ECB Likely To Hold Policy But Deflation Fears Pressuring CB

The European Central Bank is not expected to announce any new measures on Thursday to boost the euro zone economy, although inflation dropping to close to zero could well prompt active discussion about stimulus.

Negative deposit rates – charging banks to deposit at the ECB – and some form of asset-buying program may lie further out.

Euro zone annual inflation ticked down to 0.5 percent in March, its lowest since the economy was deep in recession in 2009, and its sixth month in what ECB President Mario Draghi has called “the danger zone” below 1 percent.

The fall in inflation was slightly sharper than expected, and gave ammunition to those on the ECB’S Governing Council who want do more to stem the threat of deflation.

However March’s inflation reading is not seen prompting policy action right away, as it is not much weaker than the ECB’s forecast last month and was driven by the kind of softer food and energy prices the bank usually judges as temporary.

“Did the inflation outlook deteriorate compared to last month?

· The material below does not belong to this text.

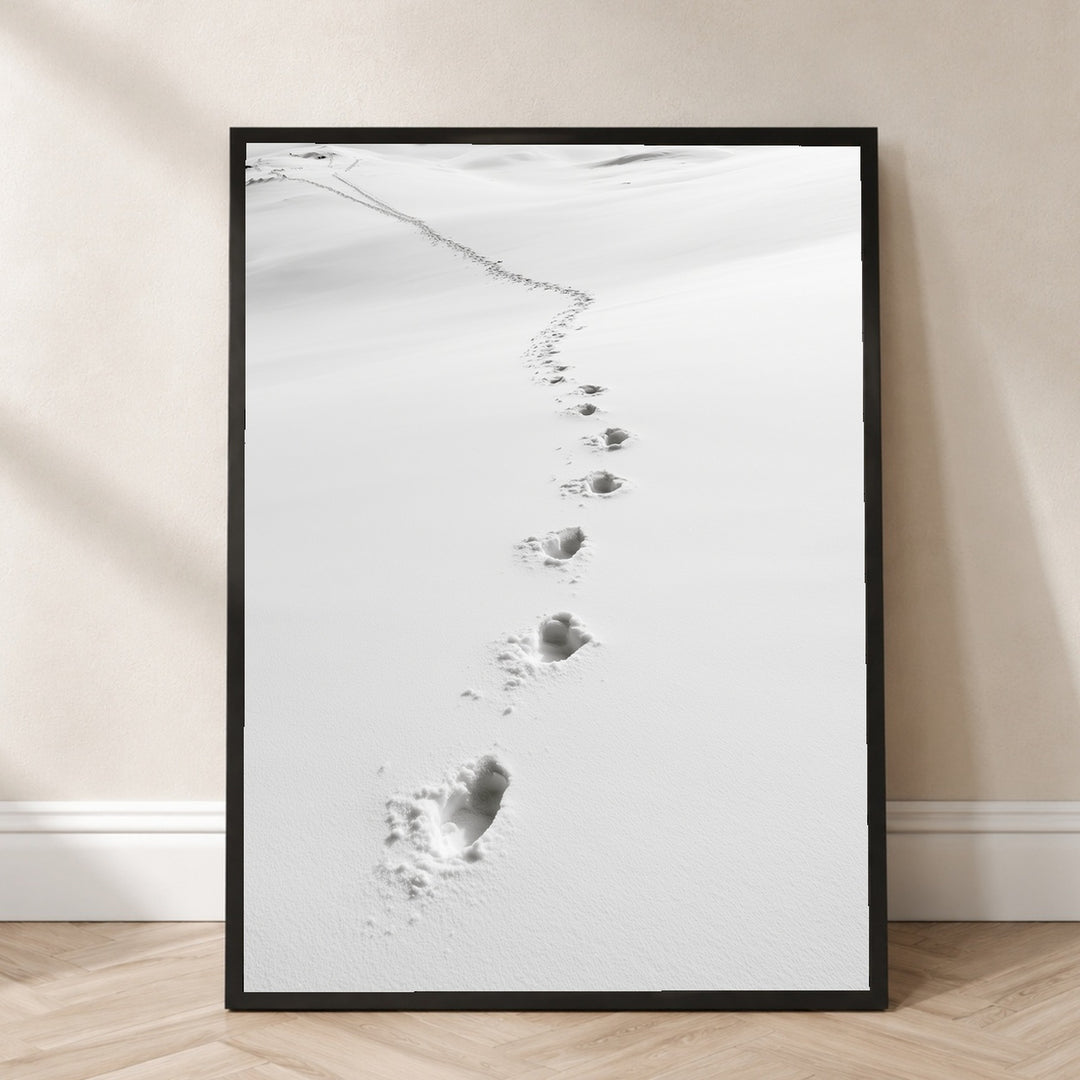 Spuren im Schnee Poster – Schwarzer Rahmen – Produktfoto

I don’t think so,” said Anders Svendsen, chief analyst at Nordea. “It would be odd to do something now that they could have done last month and chose not to.”

The ECB refrained from taking further action in March despite forecasting inflation would undershoot its target of below but close to 2 percent well into 2016, which disappointed the market and pushed up the euro exchange rate close to $1.40, its strongest level since October 2011.